A charitable gift annuity is created by making an irrevocable gift of cash or securities to the school which, in turn, agrees to pay yearly income to you (or to you and then to another income beneficiary like a spouse) for life. The school receives the principal upon the death of the donor, or that of a second income beneficiary if it is a two-life contract.
The amount of the income payment does not fluctuate and is determined by gift annuity tables which take into consideration your age and the age of the second income beneficiary, if there is to be one. Payments can be made quarterly, semi-annually or annually.
You are entitled to an income tax deduction in the year you create the gift. Little, if any, capital gains tax need be paid if appreciated securities create the gift. Finally, a portion of each annuity payment is considered tax-free. The amount of the payment and tax-free portion are determined when the annuity is created and remain constant for life.
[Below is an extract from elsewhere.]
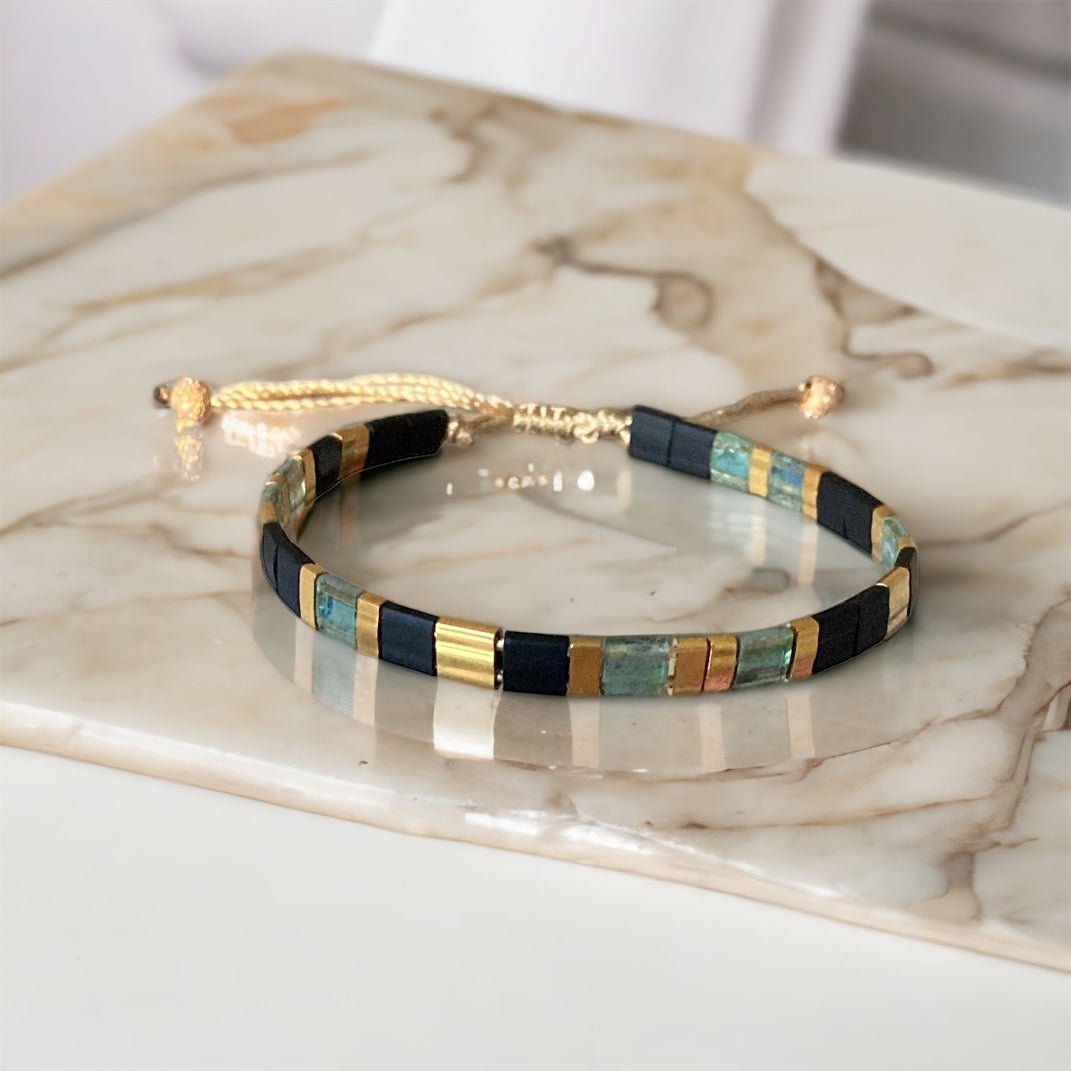 Set de deux bracelets Miyuki Tila plaqué or 24k – bracelet bohème chic réglable – fait main - Lagaleriepoetique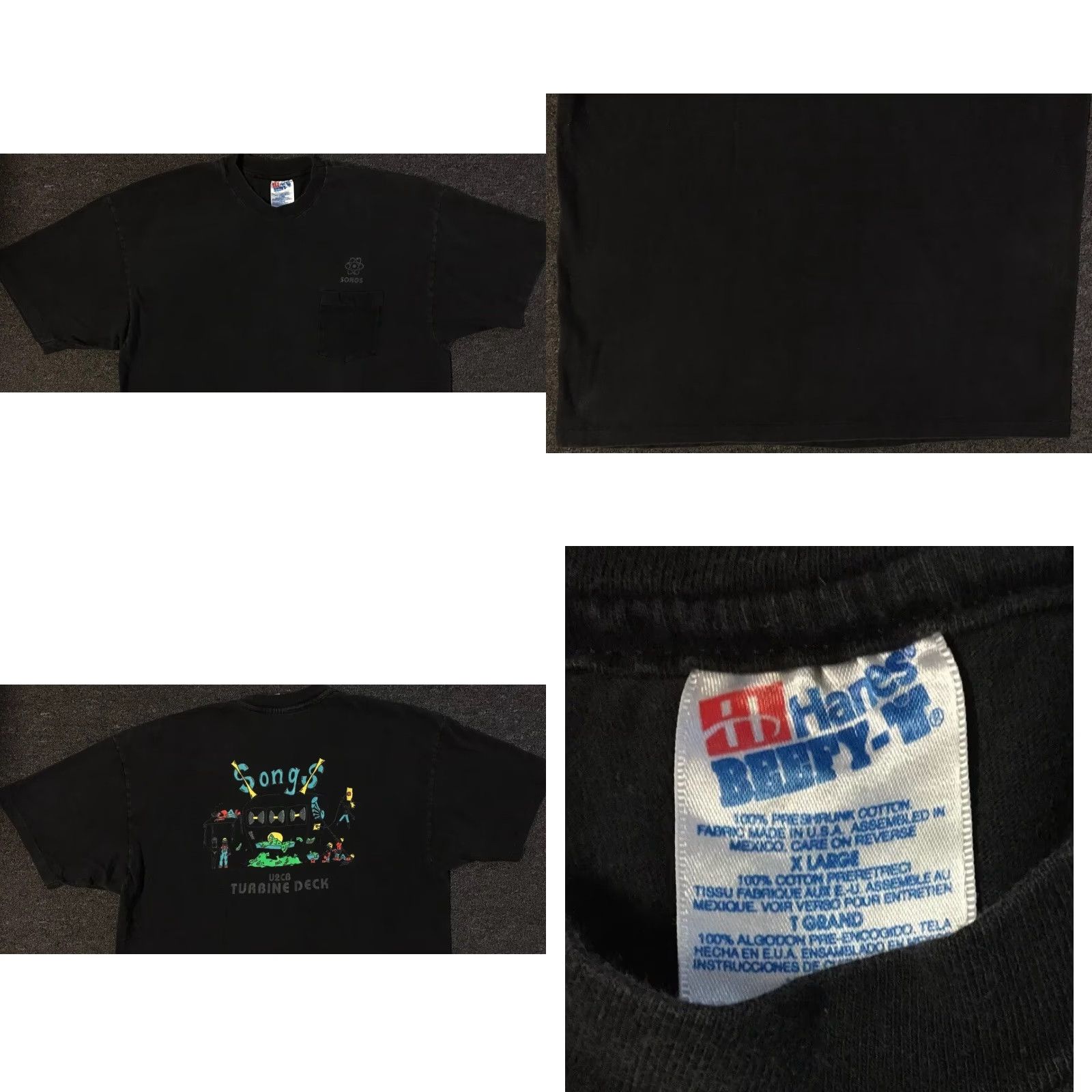 Vintage VINTAGE 90s Songs Turbine Deck Faded Construction Shirt XL Black Mens T-Shirt Funny Joke Humor Retro Rock Punk Car Bike Mechanic Size US XL / EU 56 / 4 - 8 Thumbnail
A deferred gift annuity offers the same income payments as the above-described gift annuity but with one important difference. The donor can postpone the income payments from the gift created until a future date (such as retirement), for when those payments may be required to maintain a certain level of income. Because the payments are deferred, they will be greater than those of the standard gift annuity.
You may create a charitable remainder trust by transferring cash, securities or other property to a trustee (usually a bank) which will pay yearly income to you for life -- or to you and then another income beneficiary. The trust will pay a fixed income on a dollar amount basis (Annuity Trust) or a percentage of the trust as valued annually (Unitrust). The specific dollar amount (Annuity Trust) or percentage payment (Unitrust) is determined at the time the trust is established. Upon the death of the donor and beneficiary (if there is one), the school receives the current value of the trust.
You receive an important and immediate tax deduction for having created either type of trust, and you are not required to pay capital gains tax if appreciated property is used to fund the trust.
For many people, the single largest asset they own may be their home. It is possible for someone to make a gift of a personal residence or farm to Columbus Academy, while retaining the use of the property to live in for the rest of his/her life, or for a term of years. Vacation homes are also an excellent option to use in creating this relatively simple kind of a gift.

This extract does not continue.